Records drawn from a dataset
════════════════════
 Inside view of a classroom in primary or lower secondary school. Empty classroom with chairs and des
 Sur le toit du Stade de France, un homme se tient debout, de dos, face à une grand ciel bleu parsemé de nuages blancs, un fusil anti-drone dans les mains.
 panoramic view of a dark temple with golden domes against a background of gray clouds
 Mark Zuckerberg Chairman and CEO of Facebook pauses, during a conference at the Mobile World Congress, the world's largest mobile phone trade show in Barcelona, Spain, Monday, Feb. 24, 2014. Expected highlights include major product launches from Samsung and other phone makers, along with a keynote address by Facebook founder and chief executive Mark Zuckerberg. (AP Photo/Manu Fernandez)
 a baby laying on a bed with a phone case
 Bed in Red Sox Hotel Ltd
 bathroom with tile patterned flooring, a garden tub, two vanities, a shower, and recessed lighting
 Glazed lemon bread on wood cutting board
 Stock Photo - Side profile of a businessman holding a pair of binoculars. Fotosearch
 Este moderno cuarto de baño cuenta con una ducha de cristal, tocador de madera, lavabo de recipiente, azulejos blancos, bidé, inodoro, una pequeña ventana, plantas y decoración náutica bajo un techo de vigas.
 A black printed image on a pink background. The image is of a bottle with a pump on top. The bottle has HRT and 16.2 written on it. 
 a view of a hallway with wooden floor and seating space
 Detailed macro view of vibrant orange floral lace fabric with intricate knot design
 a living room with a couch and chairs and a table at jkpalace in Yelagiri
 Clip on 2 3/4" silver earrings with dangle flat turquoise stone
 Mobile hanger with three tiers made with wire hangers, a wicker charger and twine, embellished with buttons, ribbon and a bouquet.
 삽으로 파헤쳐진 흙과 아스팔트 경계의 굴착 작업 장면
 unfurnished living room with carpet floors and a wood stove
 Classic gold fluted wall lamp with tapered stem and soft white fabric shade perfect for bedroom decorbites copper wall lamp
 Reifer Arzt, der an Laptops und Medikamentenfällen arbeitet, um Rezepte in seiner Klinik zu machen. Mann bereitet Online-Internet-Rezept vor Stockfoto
════════════════════
Keeping each word as it stands, transcribe every entry.

 Inside view of a classroom in primary or lower secondary school. Empty classroom with chairs and des
 Sur le toit du Stade de France, un homme se tient debout, de dos, face à une grand ciel bleu parsemé de nuages blancs, un fusil anti-drone dans les mains.
 panoramic view of a dark temple with golden domes against a background of gray clouds
 Mark Zuckerberg Chairman and CEO of Facebook pauses, during a conference at the Mobile World Congress, the world's largest mobile phone trade show in Barcelona, Spain, Monday, Feb. 24, 2014. Expected highlights include major product launches from Samsung and other phone makers, along with a keynote address by Facebook founder and chief executive Mark Zuckerberg. (AP Photo/Manu Fernandez)
 a baby laying on a bed with a phone case
 Bed in Red Sox Hotel Ltd
 bathroom with tile patterned flooring, a garden tub, two vanities, a shower, and recessed lighting
 Glazed lemon bread on wood cutting board
 Stock Photo - Side profile of a businessman holding a pair of binoculars. Fotosearch
 Este moderno cuarto de baño cuenta con una ducha de cristal, tocador de madera, lavabo de recipiente, azulejos blancos, bidé, inodoro, una pequeña ventana, plantas y decoración náutica bajo un techo de vigas.
 A black printed image on a pink background. The image is of a bottle with a pump on top. The bottle has HRT and 16.2 written on it. 
 a view of a hallway with wooden floor and seating space
 Detailed macro view of vibrant orange floral lace fabric with intricate knot design
 a living room with a couch and chairs and a table at jkpalace in Yelagiri
 Clip on 2 3/4" silver earrings with dangle flat turquoise stone
 Mobile hanger with three tiers made with wire hangers, a wicker charger and twine, embellished with buttons, ribbon and a bouquet.
 삽으로 파헤쳐진 흙과 아스팔트 경계의 굴착 작업 장면
 unfurnished living room with carpet floors and a wood stove
 Classic gold fluted wall lamp with tapered stem and soft white fabric shade perfect for bedroom decorbites copper wall lamp
 Reifer Arzt, der an Laptops und Medikamentenfällen arbeitet, um Rezepte in seiner Klinik zu machen. Mann bereitet Online-Internet-Rezept vor Stockfoto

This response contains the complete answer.